Tranquility: multiple instances

Hi there!

I’m running 3 servers with the next config for each of them:

  • Historical + MiddleManager + Tranquility + Kafka
    Brokers, Coordinators and Overlords run in other servers.

I have one topic with 3 partitions, one for each Kafka broker. I’m sending data to the three brokers, and so far everything works just fine.

The problem is that I run the 3 Tranquility instances and always only one of them receives the data and put it into druid. I copied exactly the same json for the task in the 3 servers, and I set these properties:

“task.partitions” : “1”**“task.replicants” : “1”,

I already tried to change them to 3 in every possible combination. What I see in the tranquility logs, is that the one that is receiving the data outputs this:

[ConsumerFetcherManager-1469704934225] Added fetcher for partitions ArrayBuffer([[pageviews,1], initOffset 25687 to broker id:2,host:host2,port:9092] , [[pageviews,0], initOffset 25685 to broker id:1,host:host1,port:9092] , [[pageviews,2], initOffset 25686 to broker id:3,host:host3,port:9092]

It handles all the partitions…

Is there anything that I’m missing? Should I change something in Kafka?

Thank you.

By the way, I’m using Druid 0.9.1.1, Tranquility 0.8.2 and Kafka 0.10.

Hi all,

if someone can give us a hand, it would be nice. We still cannot parallelize tranquility’s work.

Thank you!

Hi there,

any hint? We have three tranquility running but only one of them is getting Kafka messages…

Thanks!

Hi Fede,

We had a similar issue at first (we were trying to parallelize the Tranquility Server) and the thing that worked for us was to put our Tranquility instances behind a Load Balancer.

We are not using Kafka, but hitting Tranquility Server directly via an HTTP POST request so maybe it is not the same case as yours.

For our solution, you can refer to this thread:
https://groups.google.com/forum/#!topic/druid-user/90BMCxz22Ko

Hi pit_theo.
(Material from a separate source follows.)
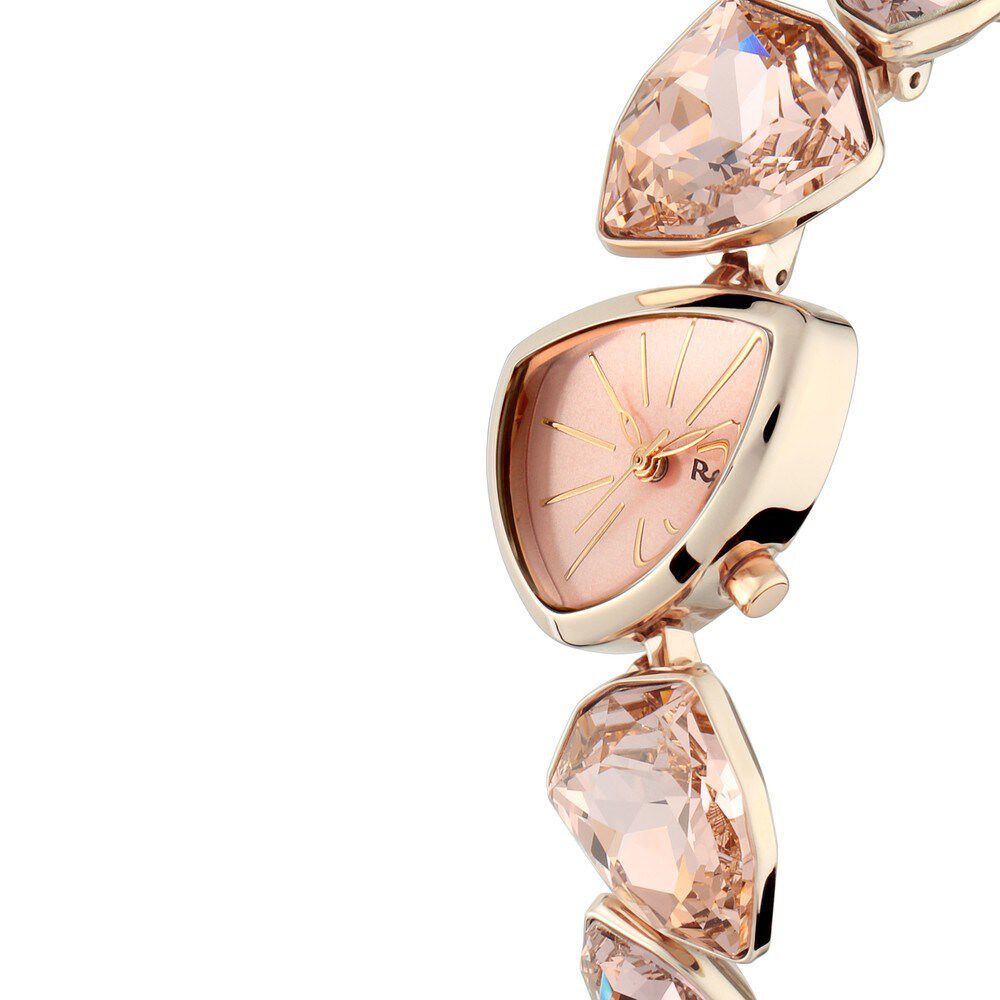 Women's Bulova Crystal Heart Steel Pearl Watch With Pendant 96X136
We’re actually using Kafka, so I think this solution wouldn’t solve our issue.

But thank you very much eitherway.

Hmm, Tranquility Kafka uses the high level Kafka consumer, which should balance partitions automatically if you start up multiple instances. (assuming you have enough partitions, which it looks like you do.) Is it the same instance every time that gets all the partitions? Or if you stop that one, will another one then get them all?

Are you passing in a key while publishing messages to kafka?If all your messages are coming only to just few partitions in kafka some of your consumer will be sitting idle i guess.
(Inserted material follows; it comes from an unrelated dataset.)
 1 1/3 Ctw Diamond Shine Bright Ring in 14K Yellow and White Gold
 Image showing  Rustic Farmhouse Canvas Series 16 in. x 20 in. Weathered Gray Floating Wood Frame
Hi Gian, that is exactly what happens, if I stop the one that is getting all, one of the other two instances gets all…

I have 3 partitions with replication 2 in Kafka, and they are well distributed along the servers. With kafka --describe I get:

By the way, if I start the one that was getting all again, it gets all another time, is like the master.

Hi pp, I’m not sending a key, just the message. May this affect?
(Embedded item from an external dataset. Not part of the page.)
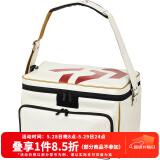 达亿瓦（DAIWA）HERA鲫鱼系列 台钓竿包收纳袋 坐垫背包段差 台钓钓鱼装备渔具包 收纳袋35(C) 珍珠白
Hi Fede, did you answer Gian’s questions? Tranquility Kafka is just acting as a high level Kafka consumer.

Alternatively, we’ve recently added exactly-once consumption from Kafka via the new Kafka indexing task. You may be interested to try that out as well.

Hi Fangjin, yes we are planning to change to the Kafka Indexing service, but we haven’t yet.

What do you mean that tranquility is acting as a high level Kafka consumer? Is something wrongly configured?

Thanks!

Hey Fede,

What FJ means is that Tranquility is not actually doing anything special to control which process gets which Kafka partition. It just runs a high level Kafka consumer, and that library makes the decisions. If it’s not balancing well you might have better luck with the Kafka mailing list. Perhaps adding more partitions would help?

Hello, Fede.
We’ve experenced the same problem with our setup. In our case it was kafka-write trouble.

At first check partitions offset by bin/kafka-run-``class``.sh kafka.tools.ConsumerOffsetChecker. If you didn’t specify partition key (as we did), kafka by default write all data in one partition for 10 minutes. So try to set partiton key, row hash good choice for start.